▸ Directions for this task
Leaving out every picture, copy the lines of the material below exactly, from the line containing "1952 - Muntz TV, Inc." through the line containing "BILLY TALENT - Logo".

▸ Dataset records
═══
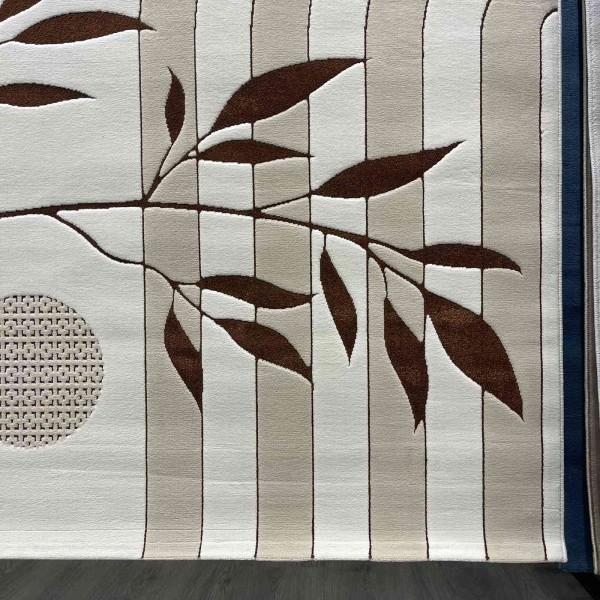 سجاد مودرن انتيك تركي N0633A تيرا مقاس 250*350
═══
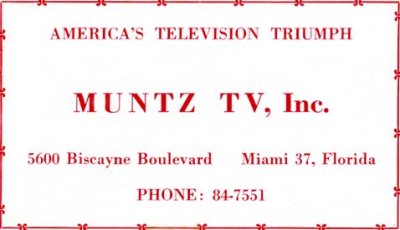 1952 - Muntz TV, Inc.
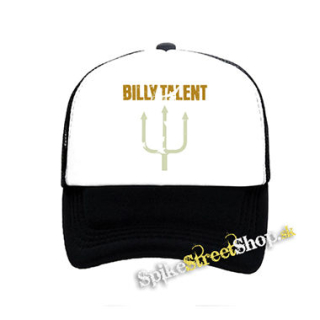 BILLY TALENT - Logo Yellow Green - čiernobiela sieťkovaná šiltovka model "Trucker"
═══
▸ Solved problem
 1952 - Muntz TV, Inc.
 BILLY TALENT - Logo Yellow Green - čiernobiela sieťkovaná šiltovka model "Trucker"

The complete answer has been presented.